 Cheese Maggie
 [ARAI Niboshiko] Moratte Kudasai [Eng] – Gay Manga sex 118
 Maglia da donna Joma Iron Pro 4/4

------------------------------------------------------------------------

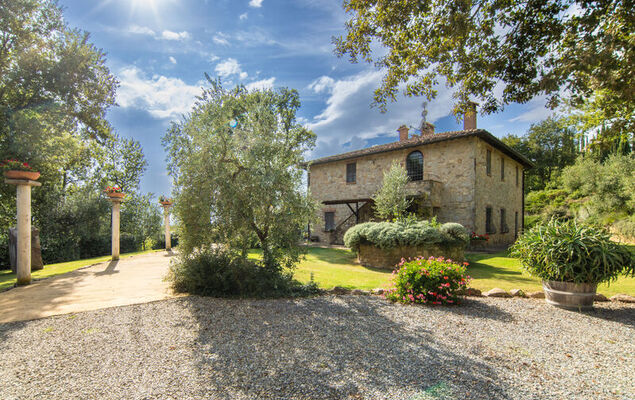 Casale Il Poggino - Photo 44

------------------------------------------------------------------------

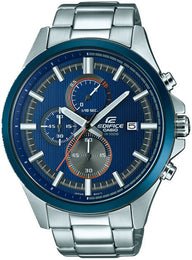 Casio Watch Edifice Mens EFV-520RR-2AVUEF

------------------------------------------------------------------------

*Exercise brief*. Using only the listing above, restate exactly the lines from the line containing "Cheese Maggie" through the line containing "Maglia da donna Joma Iron Pro 4/4", both included.

*Result for this exercise*.
 Cheese Maggie
 [ARAI Niboshiko] Moratte Kudasai [Eng] – Gay Manga sex 118
 Maglia da donna Joma Iron Pro 4/4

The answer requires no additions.